▶ _EXTRACTED DATA_

··········

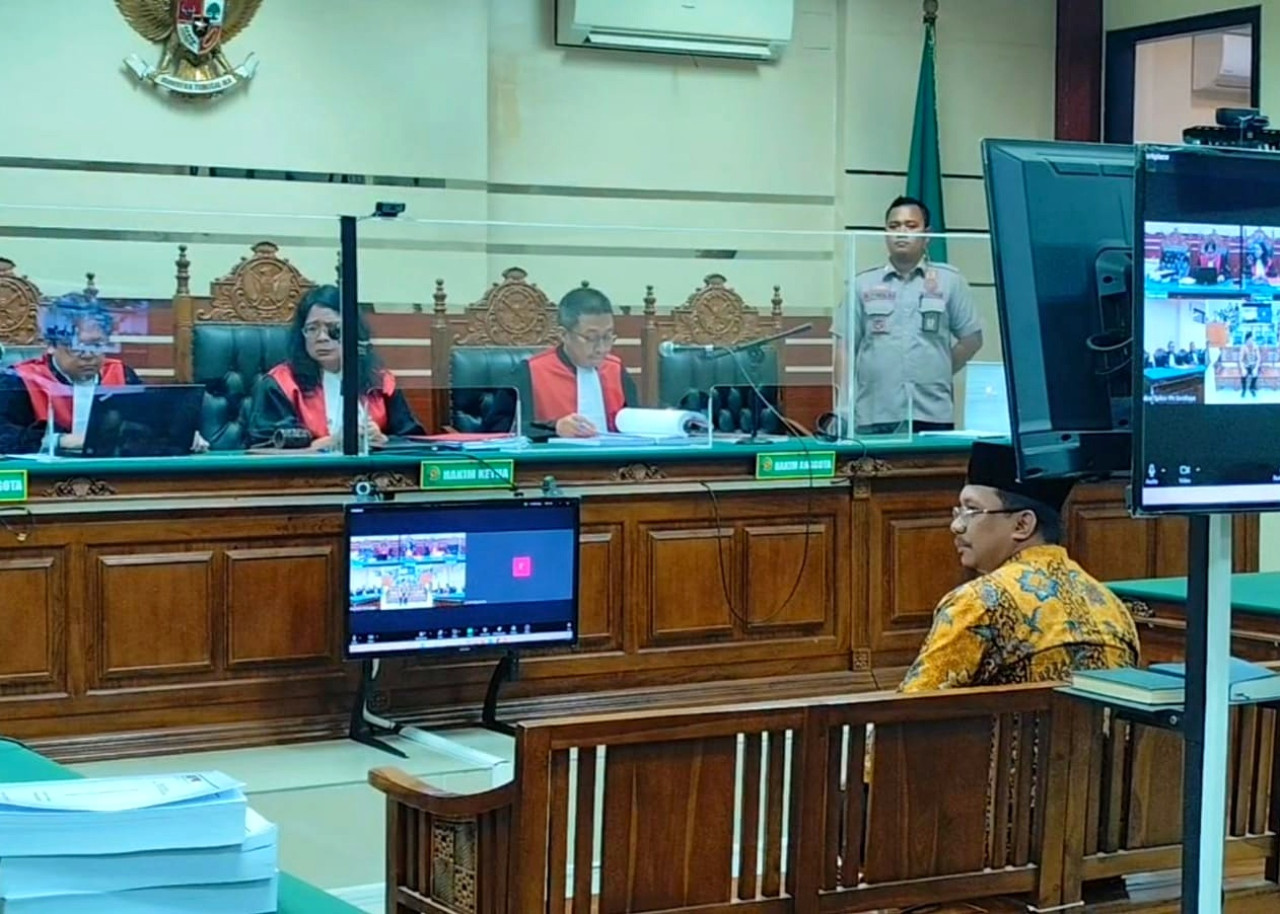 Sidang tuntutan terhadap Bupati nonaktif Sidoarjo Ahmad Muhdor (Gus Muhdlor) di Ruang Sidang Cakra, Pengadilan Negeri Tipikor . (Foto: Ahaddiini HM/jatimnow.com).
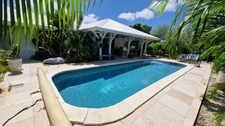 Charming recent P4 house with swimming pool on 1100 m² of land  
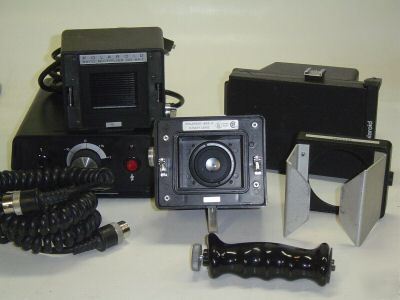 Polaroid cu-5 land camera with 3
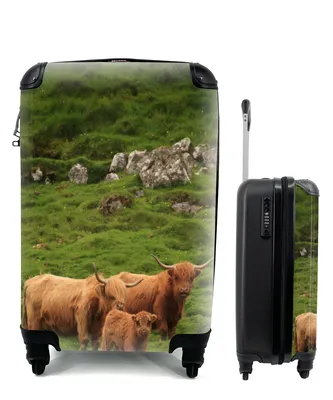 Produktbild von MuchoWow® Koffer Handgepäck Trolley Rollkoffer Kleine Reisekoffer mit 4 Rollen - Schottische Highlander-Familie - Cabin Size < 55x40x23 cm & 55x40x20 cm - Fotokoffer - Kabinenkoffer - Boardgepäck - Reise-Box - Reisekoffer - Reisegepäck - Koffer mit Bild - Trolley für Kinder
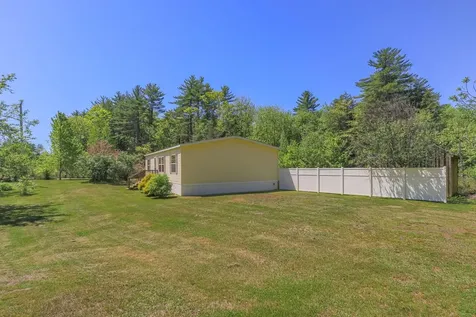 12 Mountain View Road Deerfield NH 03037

··········

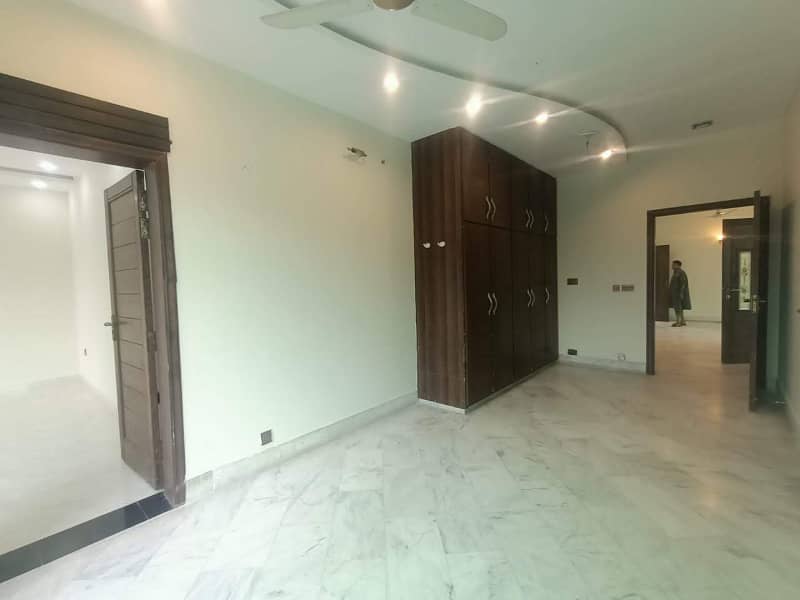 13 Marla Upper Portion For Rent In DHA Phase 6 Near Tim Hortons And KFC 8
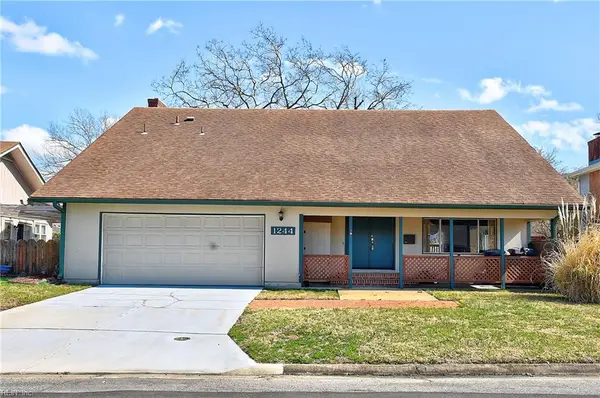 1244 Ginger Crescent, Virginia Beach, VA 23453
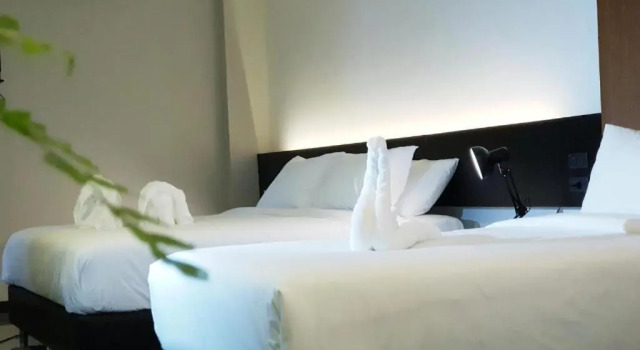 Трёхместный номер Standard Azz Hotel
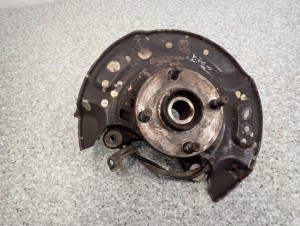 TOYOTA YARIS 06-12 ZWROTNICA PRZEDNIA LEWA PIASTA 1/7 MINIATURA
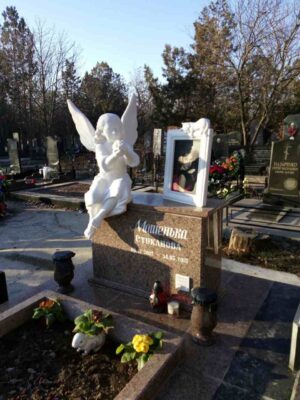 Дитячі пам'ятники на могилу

··········

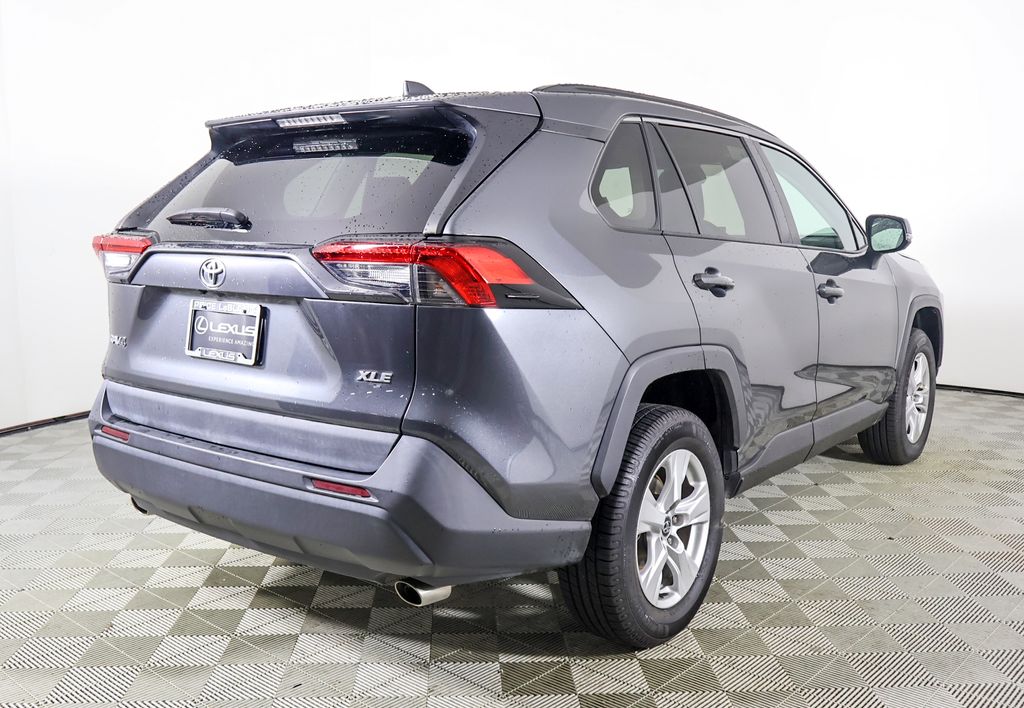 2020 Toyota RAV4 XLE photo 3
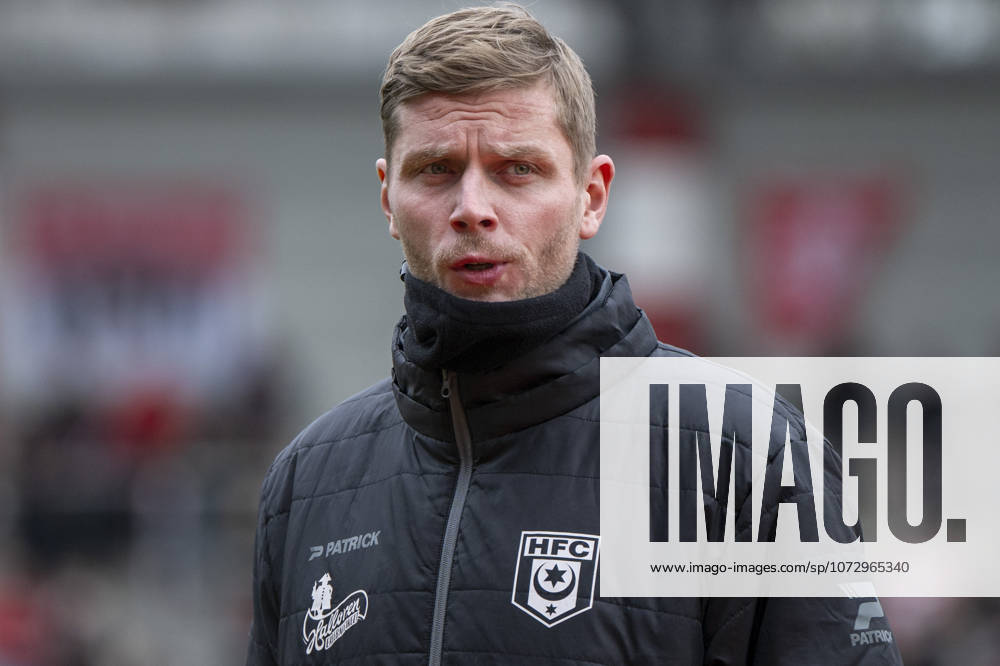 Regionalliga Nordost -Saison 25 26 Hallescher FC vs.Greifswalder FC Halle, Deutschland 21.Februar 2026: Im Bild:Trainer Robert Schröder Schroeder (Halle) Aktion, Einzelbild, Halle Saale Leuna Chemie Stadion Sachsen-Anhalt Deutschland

··········

▶ _PROBLEM DETAILS_
Reproduce the entries exactly, from the line with "TOYOTA YARIS 06-12" to the line with "Дитячі пам'ятники на могилу", both lines included, keeping no pictures.

▶ _EXPECTED OUTPUT_
 TOYOTA YARIS 06-12 ZWROTNICA PRZEDNIA LEWA PIASTA 1/7 MINIATURA
 Дитячі пам'ятники на могилу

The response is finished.